I used to shovel manure on a mink ranch in my neighborhood. Does that count? About two dollars an hour. all alone for hours with nothing but my pitch fork and a small tractor, surrounded by ferocious flesh eating mink. and now twenty years later, you can imagine the groundswell of guilt I feel by supporting that industry. I carry it with me always, festering. The only thing that takes the sting away is working for my foundation...MABOTIT...Mink Are Beautiful On The Inside Too.

Trina said...

I can't one up you, or most of the other stories. I've only ever been a nanny and a Courtesy Clerk--otherwise known as grocery bagger and cart getter.

It wasn't bad as long as I wasn't getting asked out by 30 year old business men (when I was 16).

Physcokity said...

"the only requirement for the job was for me to have a pulse and not show up drunk."

that's a winner fo' sho'

Physcokity said...

I'm sorry for your loss...of self-esteem at least you know for sure that you will never do tele-marketing again.

Right?

Merrill Family said...

Ha Ha Ha this post brings back some memories. When I went to SUU in 1994 I had two job offers, one at Dairy Queen and the other Matrix marketing. I took the telemarketing job because it paid $6.00 an hour. Oh yeah big money! I hated the rejection when someone didn't buy.

Tori :) said...

"Hi, this is Tori and I'm calling on behalf of Cable Vision..." Yep I did it too. WORST JOB EVAH!!

Renee said...

I did marketing research a lifetime ago, but I still throw up in my mouth when I think about it.

Harlene said...

How did I miss out on the telemarketing experience?

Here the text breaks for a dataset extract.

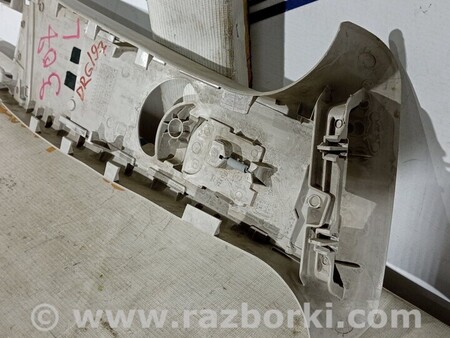 ФОТО Накладка стойки для Peugeot 307 Киев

I've always worked in Special Ed. The worst was my first job right out of high school. I was an aide for Disabled high school students. The feeding was pretty gnarly some times, but the worst was helped the teen guys in the bathroom. A few were really aggressive and "excited" to be alone with a teenage girl trying to pull their pants down for them.

Aimee said...

Oh... I hear you! I was a telemarketer once, too... I think I lasted about 4 days at that part-time job. Then I went on to my 2nd worst job of all time - salad prep at the Morris Center at BYU. Who knew you could get nasty rashes from cutting cantelope and pineapple?!

Vennesa said...

I worked there the same time as you did (except in Ogden). I had to sign businesses up to accept Discover card! And everytime the phone dialed, I would say "please don't answer, please don't answer, please don't answer." But they usually did. I lasted about 2 months.

tiburon said...

I bow to you.

Angie A. said...

No one upping, but I feel your pain! I worked at Convergys in Logan. They were contracted with Sprint cell service, and I worked in collections. If someone didn't pay their bill and tried to make a call, it was re-directed to us telling them we needed a payment. Oh, the obscenities I heard and it just made me want to scream, "Pay your freaking Bill!!" Needless to say, I only made it a couple of weeks past training. Good Times!

Mama C. said...

My worst job ever was at a dinky little, she-she, "upscale" restaurant. I worked there as a dishwasher, and spent my entire shift up to my elbows in hot water and grimy plates, pots, pans, utensils, and glasses. The kicker? I got fired 'cause I was "too clean".

Yep.

Never ate there after that. EVER.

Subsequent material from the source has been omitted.